Søren: Yeah, for sure.

Emily: I think those were the things that I found were important to people, like the really small stuff that I might not—they might not be the top of my list—but they were on the top of someone else’s list that I was having that conversation with. So figuring out—I mean, that’s marketing—what their problem is to try to solve it, so I mean I think you can apply that when having those conversations with people.

Ruby: Part of your degree is marketing, isn’t it?

Emily: Business and communication.

Ruby: See, J.D. is right about VAN being a disaster. We need to bring in more consumer data. I don’t know if you know this—and we can end on this—but that your stepdad, one of the things he was really concerned about was your health insurance debacle. That whole mess.

Emily: I don’t have insurance.

Ruby: I know. Yeah, you are his child. He is a service member, a retired service member. That was an issue that really affected him deeply as a father or stepfather. I remember thinking as we were communicating, “he’s just a person, and he just wants to help his kid.” This is what politics should be. At its heart, it should be you need to help people, because they don’t have any other connection to their government, other than their elected officials are supposed to be that path to making things better.

Emily: Yeah, yeah. As a vet, that’s something he’s proud of; he served his time. And now the government’s supposed to be helping him out, because he did his work for 20 years. I’ve been taken off of their health insurance because I turned 22. And then theirs is being affected this year. It’s changing, and they have to pay now a premium for them to have health insurance even though he served 20 years. I don’t really think that that’s fair. That is a problem, obviously, that he needed to address. That’s such a big thing for him, but I hadn’t even considered that either. So that’s one of those things he just had to figure out.

Ruby: Yes, because it was a weird loophole. I fell down a rabbit hole on the Veterans Administration page trying to figure out what was he talking about so that I could have a conversation with him. But I thought “this is total crap. I can’t believe no one has fixed this problem. This concerns a man who lives in a small town in rural Iowa, and there’s nobody talking about it.” Except us.

Emily: I feel like that’s what set you apart from the other candidates is that you did that research, you had that conversation, figured that out. And then you tried to figure out the best way to go about solving it—or what you would do if you became elected. That was one of the big things I was telling them is that you do care, you are a part of this community. You have kids. You are very invested in the community. I think that was one of the main things that really helped them to see that it’s not Republican versus Democrat. It’s the people who are going to make a difference and care for you when it comes down to the election.
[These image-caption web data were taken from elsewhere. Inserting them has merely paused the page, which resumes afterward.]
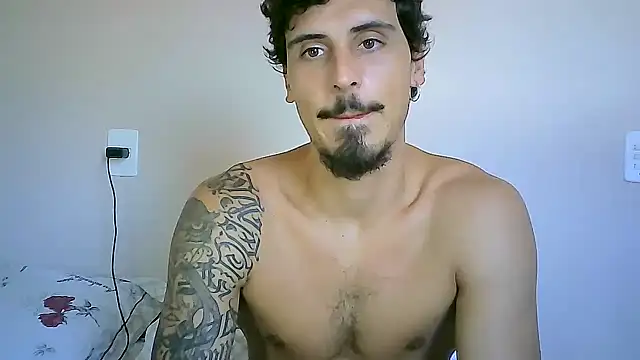 Snapshot of milkoffe chatting on 01/22/25, 04:23 milkoffe online show from 01/22/25, 04:23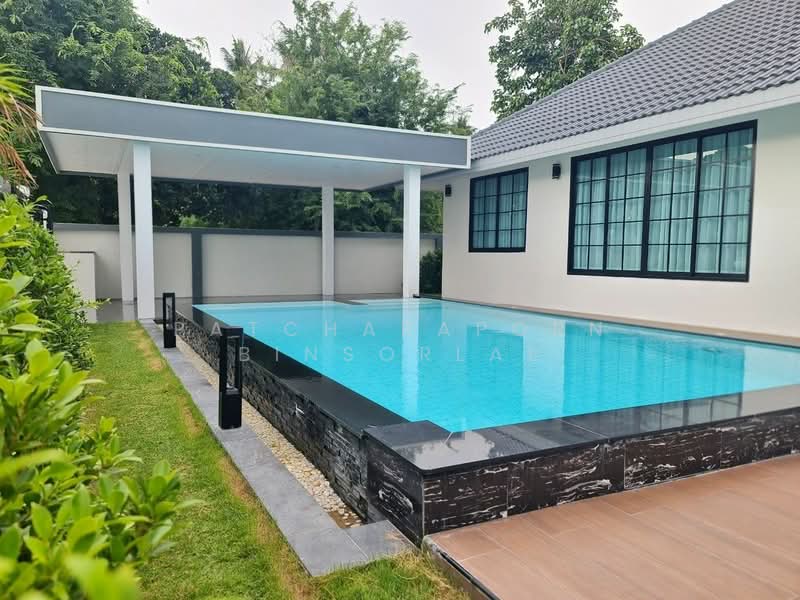 The Village Housing Estate by Horseshoe Point : เดอะ วิลเลจ เฮ้าส์ซิ่ง เอสเตท โดย ฮอร์สชู พอยท์, ชลบุรี, ถนนทุ่งกลม-ห้วยตาหนู, หนองปรือ, บางละมุง, ชลบุรี, 162 ตร.ม., วิลล่า ขาย, โดย Patcharaporn Binsorlae, 500449967 - DDproperty.com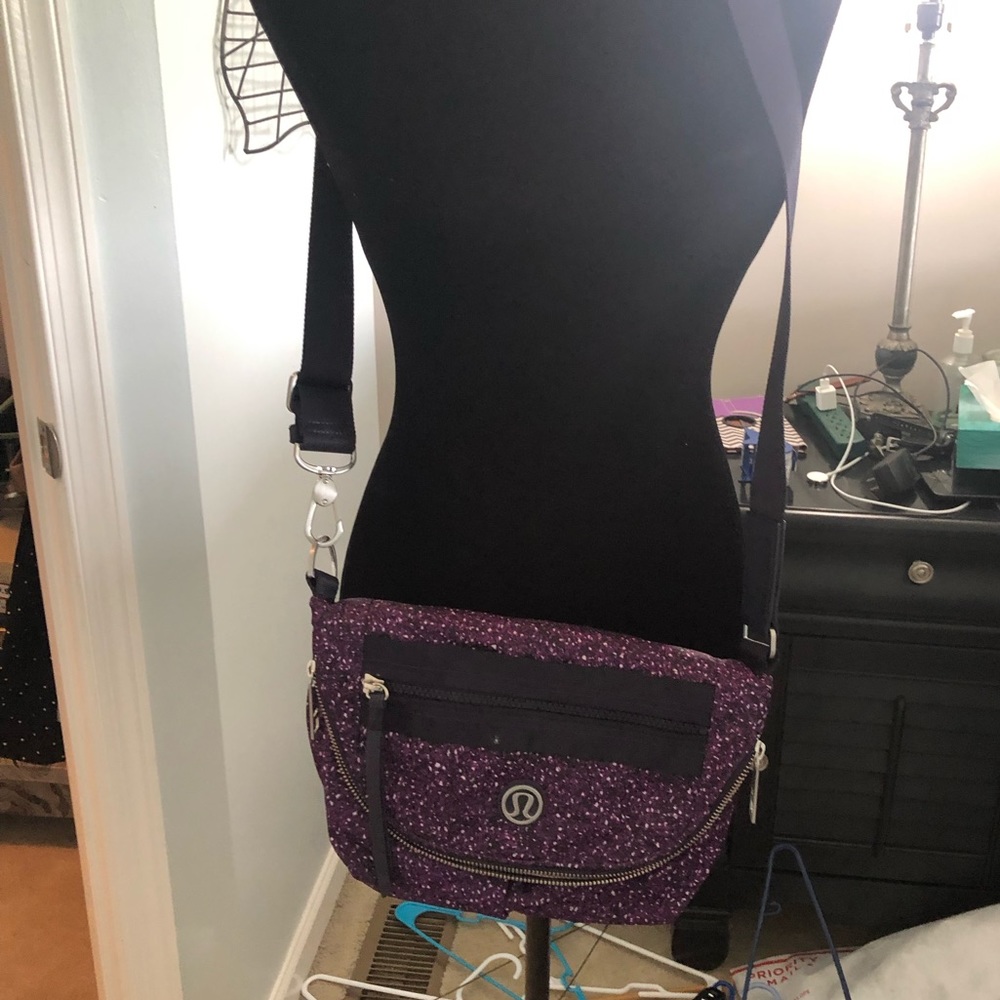 Lululemon festival bag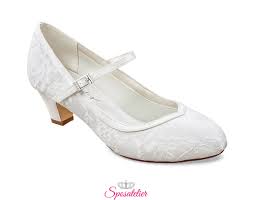 Scarpe da sposa in pizzo online economiche chiuse avanti con plateau e fiori in raso tacchi alti e cinturino per la caviglia negozio italiano numeri dal 34 al 42 scarpe economiche online. Scarpe Da Sposa Comode Online In Pizzo Con Tacco 5 Cm Color Avoriosposatelier
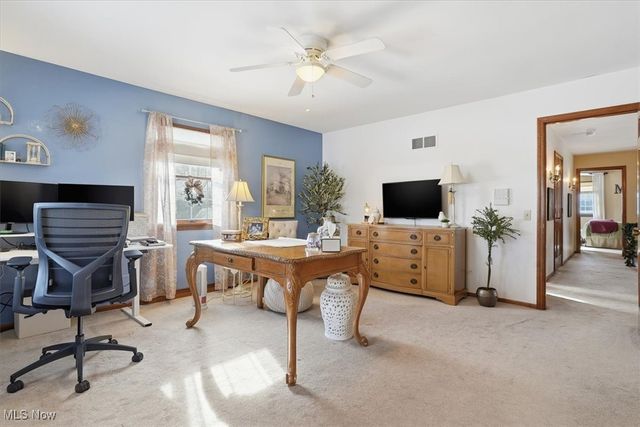 310 Tonawanda Trail SW, Hartville, OH 44632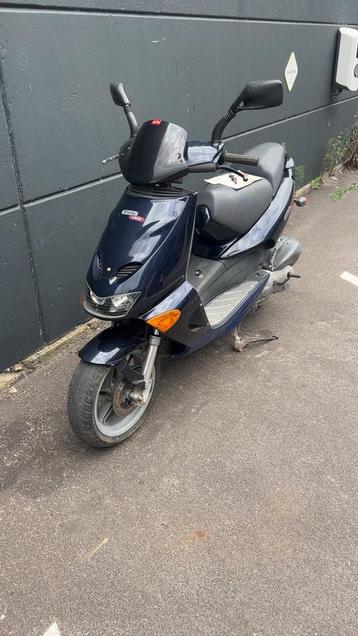 Aprilia sr 125 beschikbaar voor biedingen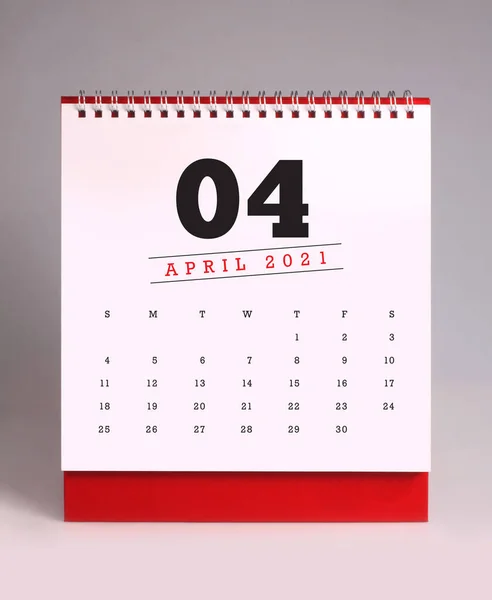 Einfacher Schreibtischkalender Für April 2021 — Stockfoto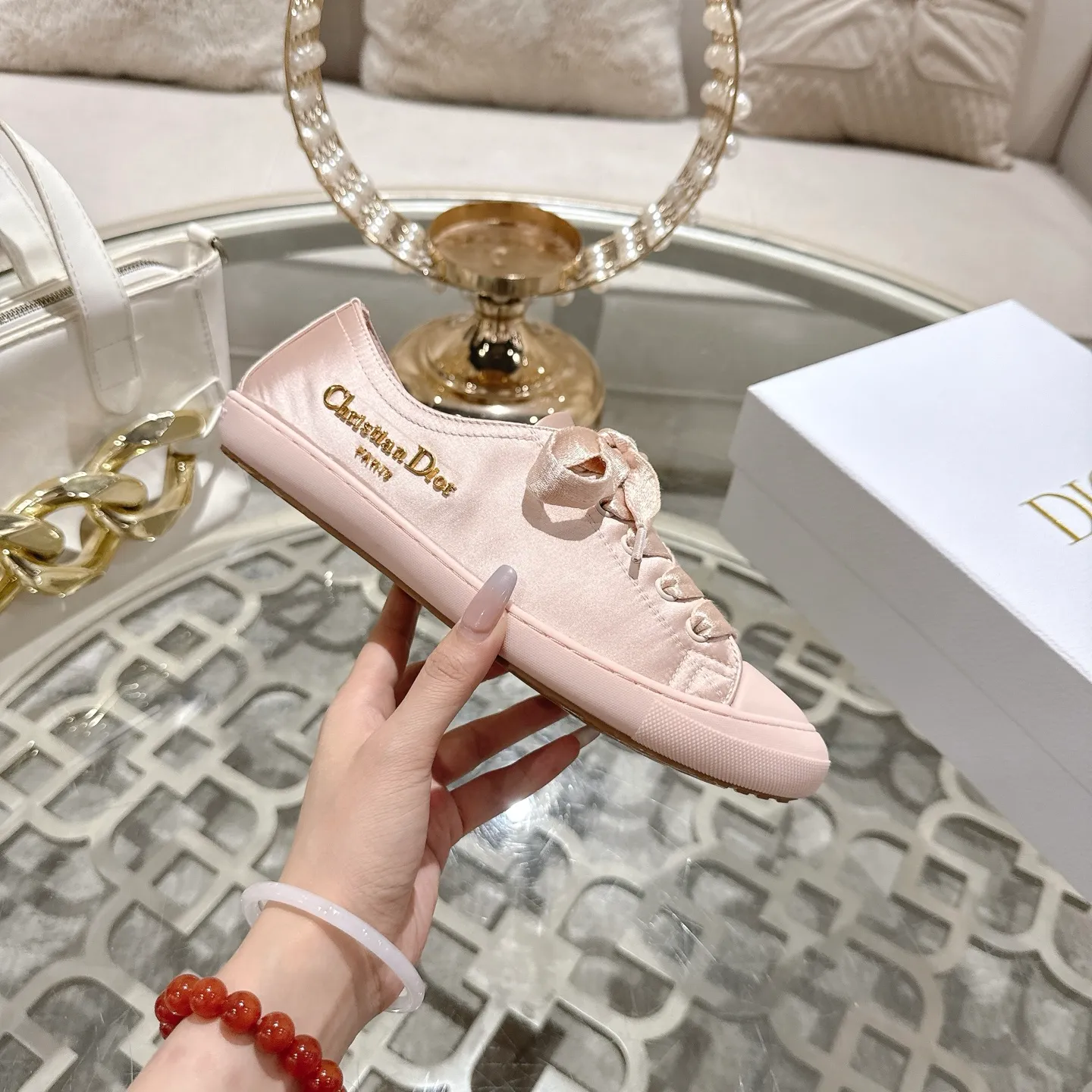 👟👟Ex-factory price 520👟👟 DIOR Dior's 2025 latest lucky satin casual shoes thin-soled shoes. Many celebrity Internet celebrities planted Chanristian Dior logo buckles. The designer really understands the needs of girls in summer. This new product Lucky thin-soled shoes are as cute as her name. The thin sole + shallow mouth design makes the whole pair of shoes very light and easy to wear. Fabric: Satin with wide satin laces of the same color. They are so beautiful that they are speechless in the sun. The soft shoe body looks like stepping on clouds with socks and culottes. It is windy and lazy when walking. It gives you the "effortless" elegance when you take a shot. Outsole: Original molded TPU outsole Size: 35-41 (41 is custom-made and cannot be returned or exchanged)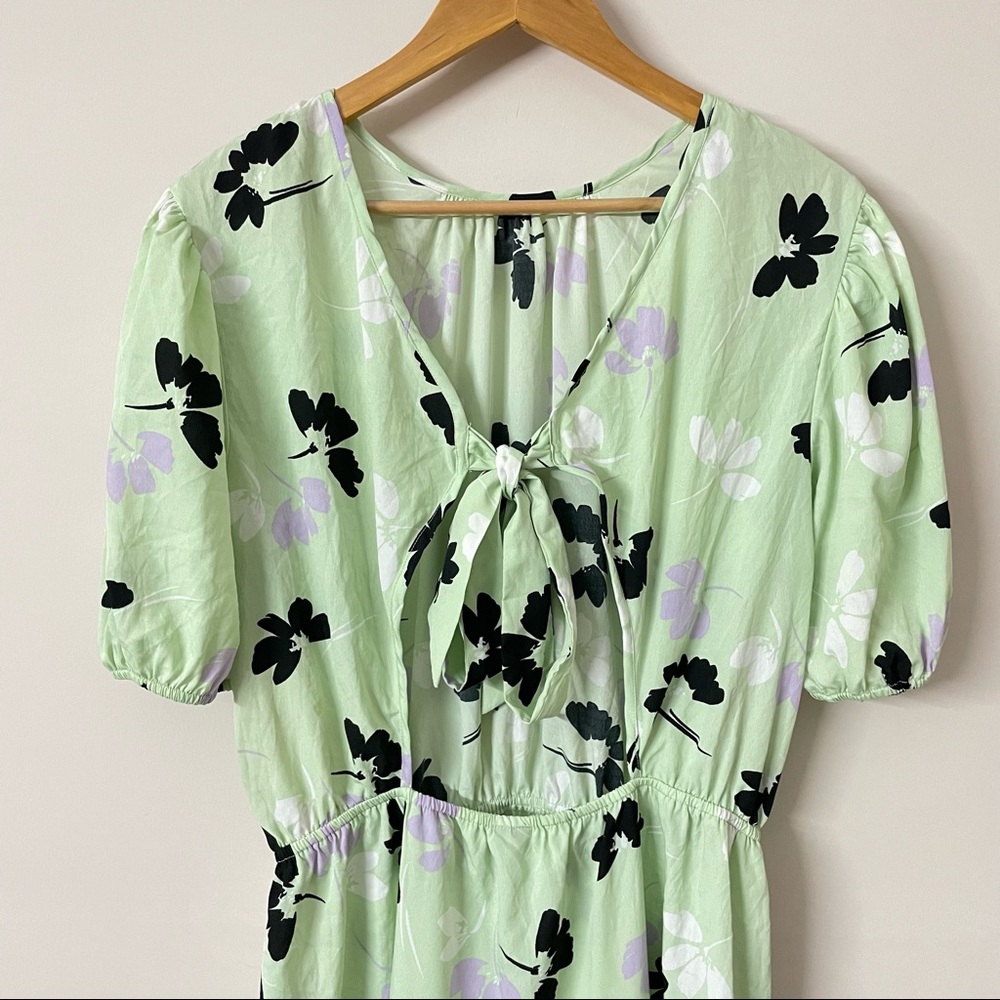 Size- XL, Floral Printed Dress in pastel green - Picture 5 of 7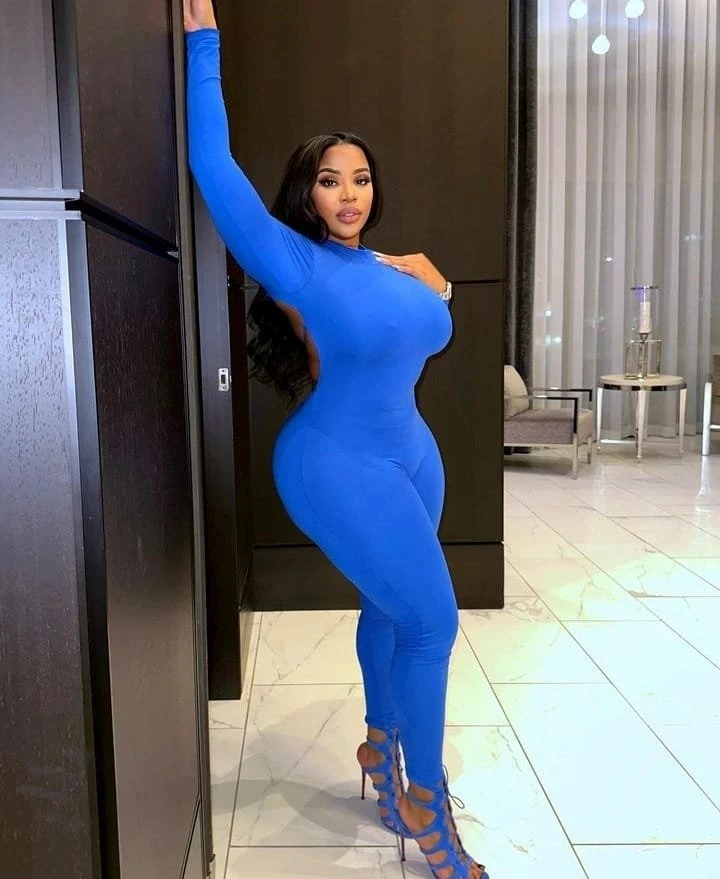 Tasha – Zambian escort in Erbil — 2 / 3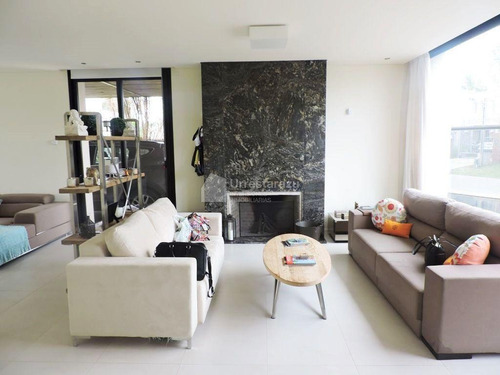 Venta Casa Con Salida Al Lago - Barrio Con Seguridad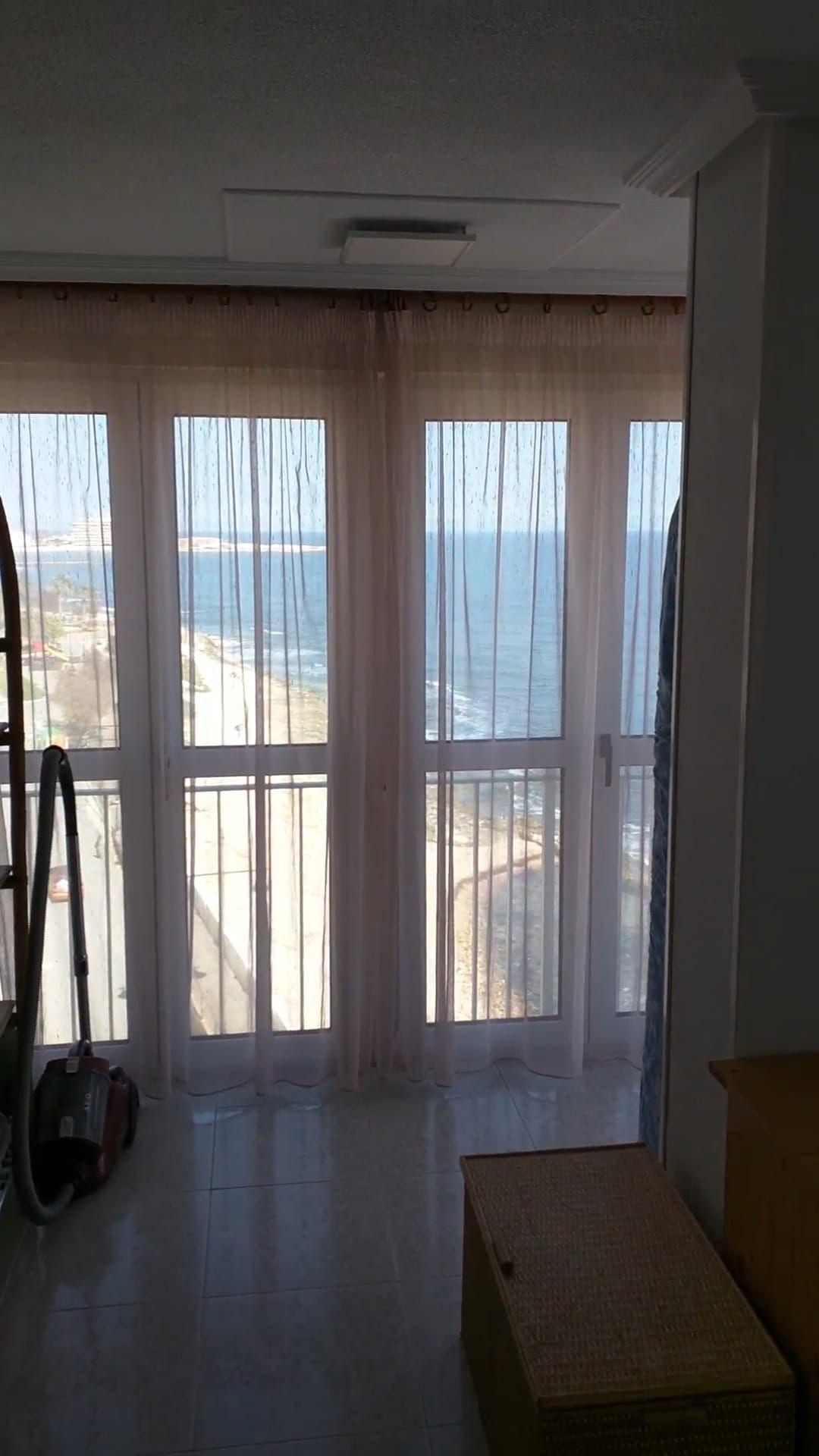 APATAMENTO CON VISTAS PANORAMICAS AL MAR FRONTAL Y LATERAL! 4 DORM. 2 BAÑOS. GARAJE+TRASTERO.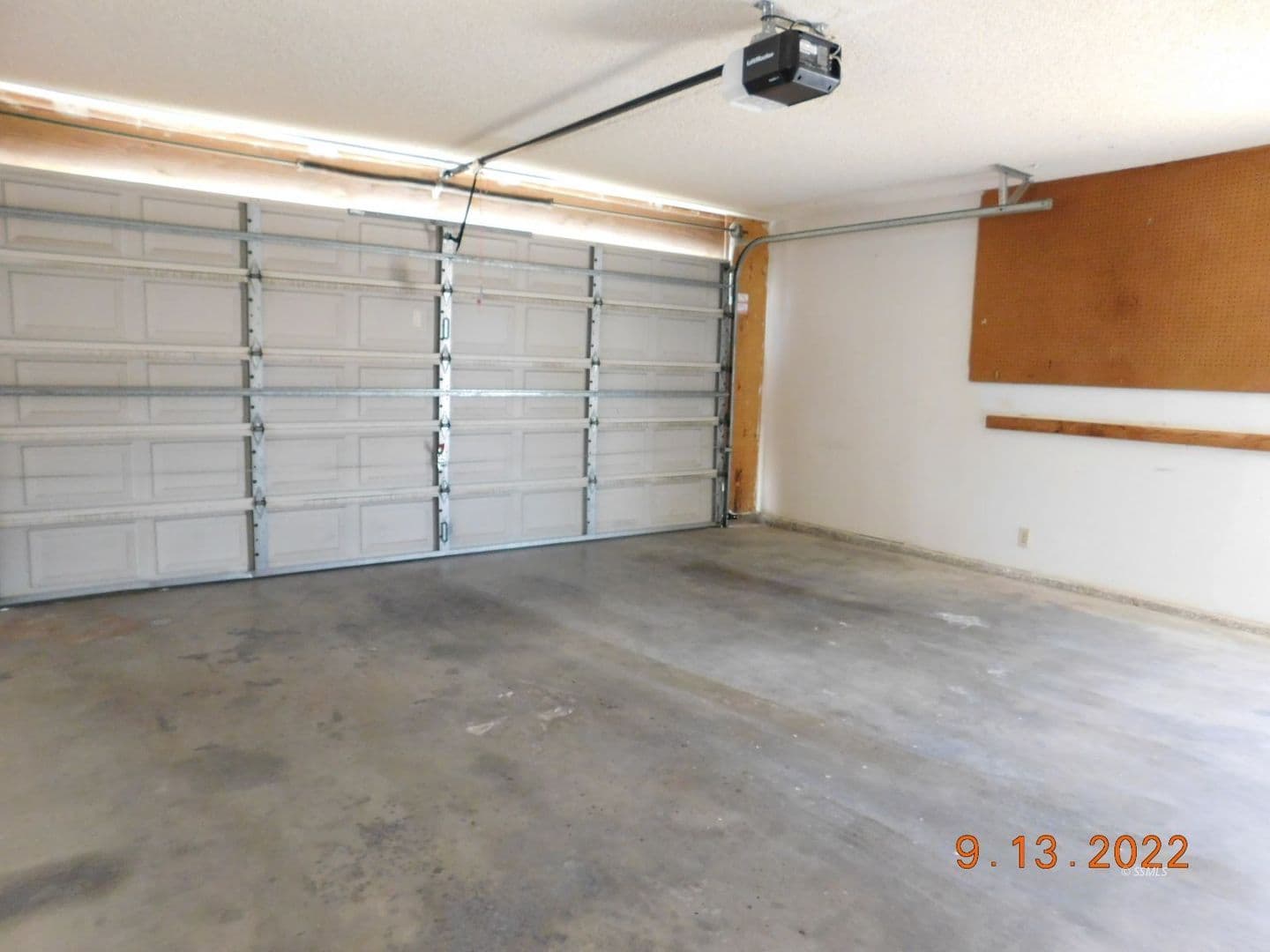 Ridgecrest House: 330 E Wilson Ave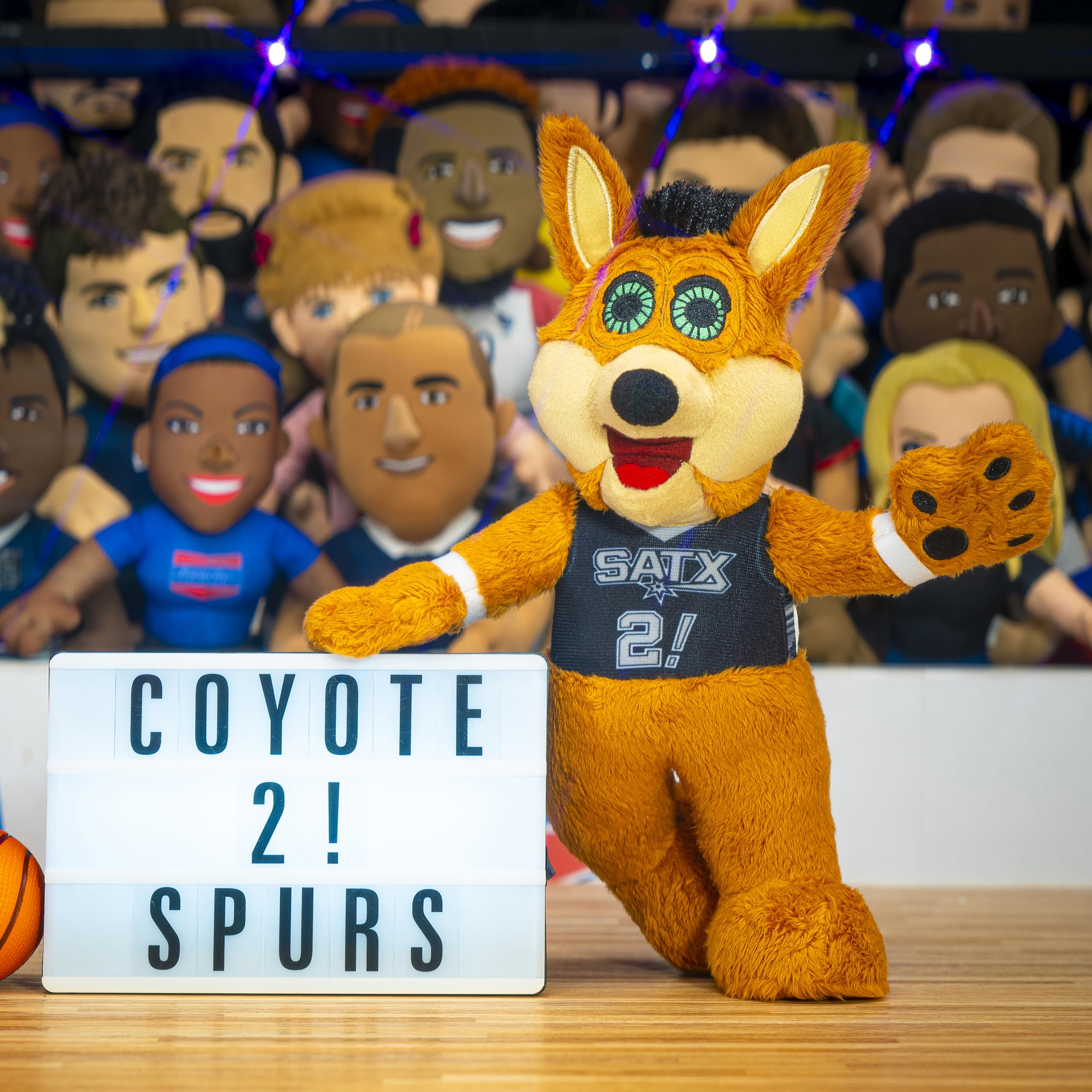 Foto 2 | Figura De Peluche Bleacher Creatures San Antonio Spurs Coyote 10 - Venta Internacional.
Søren: Thank you so much, Emily, for joining us on this episode.

Emily: Thank you so much for having me. It’s always fun talking with you, too.

Ruby: Yeah, I always love seeing you, Emily. Next time bring Vinny, okay?

Ruby: Thank you for joining us, Nicole, today. You grew up in Atkins, which is a town kind of on the edge of the eastern side of Benton County.

Nicole: Yeah, it’s not far at all. I think it’s what a 15 minute drive to Cedar Rapids.

Ruby: It’s close, which is why Atkins—right now, the growth is exploding. I read this week in the Benton County Supervisors minutes that they have requested—so right now they don’t have a police force. Like most of the rural towns in Benton County, they use the sheriff as their police, as their law enforcement coverage. I don’t know how many hours they have right now. They’re contracted for under 20 and they want 40 hours a week. So they want basically a deputy hired for Atkins because the growth is exploding so much in that community. There are over 2000 people now. When you lived there and grew up there, can you tell us what it was like? What the community was like when you grew up?

Nicole: It was really small when I was under 10 years old. They hadn’t done all the developments that they have now. It was just regular small town Iowa. Then they started expanding—the east side was where they started. Now they’ve expanded on all sides, really. It’s become a decent sized town. I think it’s really cool that people have decided to move out there.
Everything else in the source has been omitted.